The satellite imagery company announced 2021 results earlier this month, after being released in January. Satellogic has 22 satellites in orbit, and plans to launch a dozen more this year. The company posted revenue of $4.2 million in 2021, with an adjusted EBITDA loss of $30.7 million.
World Spire: -56%
Small satellite maker and data specialist Spire reported first-quarter revenue of $18.1 million and an adjusted EBITDA loss of $9.7 million, up 86% and 62% , respectively, compared to a year ago. The company has $91.6 million in cash. Spire forecasts full-year 2022 revenue from annual recurring customer contracts of between $101 million and $105 million.
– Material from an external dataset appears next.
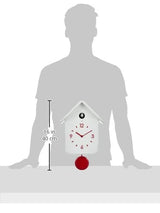 Guzzini 16860211 Clocks, White, One Size Guzzini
Spire CEO Peter Platzer said on the quarterly call that the company continues to target “positive cash flow in 22 to 28 months” with weather data helping customers ranging from the agricultural industry to a team of Formula 1, and its marine data helping to support the freight industry in the face of global supply chain challenges.
Earth orbital: -50%
The spacecraft maker reported first-quarter revenue of $13.1 million, up 25% from a year earlier, with an order backlog of $222 million – partly thanks to a contract to build satellites for the Pentagon’s Space Development Agency. Terran Orbital posted an adjusted EBITDA loss of $14.7 million, quadruple its loss in the first quarter of 2021. It has $77 million in cash. Terran co-founder and CEO Marc Bell highlighted supply chain disruptions on the call, but noted that the company is increasingly vertically integrating its manufacturing.
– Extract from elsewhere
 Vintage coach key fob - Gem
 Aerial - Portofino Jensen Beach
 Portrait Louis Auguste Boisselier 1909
The satellite broadband provider is on a different reporting cycle than the calendar year, with the company releasing its fourth quarter results on Wednesday. Viasat generated $702 million in fourth quarter revenue, up 18% from the same period a year ago, and adjusted EBITDA of $134 million, down 9%. The company has nearly $1 billion in cash, mostly from debt. In a letter to shareholders, Viasat noted that its fiscal year-end “had some challenges” due to regulatory delays, as well as increased R&D spending “on attractive growth opportunities.”
Galactic Virgo: -50%
The space tourism company reported negligible first-quarter revenue and an adjusted EBITDA loss of $77 million, up 38% from the same period a year ago. The company has $1.22 billion in cash. Although its current spacecraft and carrier aircraft refurbishment program is “progressing well” and expected to be completed in September, Virgin Galactic has announced the postponement of the launch of its commercial tourism service to the first quarter of 2023. The Virgin CEO Galactic’s Michael Colglazier said the delay in bringing the service to market was due to “small issues” that pushed back the company’s renovation schedule. He added that “like many companies around the world, we are experiencing high levels of supply chain disruption.”
Pristine Orbit: -40%
The alternative rocket launcher posted first-quarter revenue of $2.1 million, down 61% from the same period a year ago, and an adjusted EBITDA loss of 49, $6 million, up 71%. Virgin Orbit noted that the drop in revenue was due to “contracted launches during the early development phase with introductory prices”. The company has $127 million in cash, with a total backlog of $575.6 million. CEO Dan Hart said on the company’s conference call that it still plans to launch between four and six times this year, with one completed so far.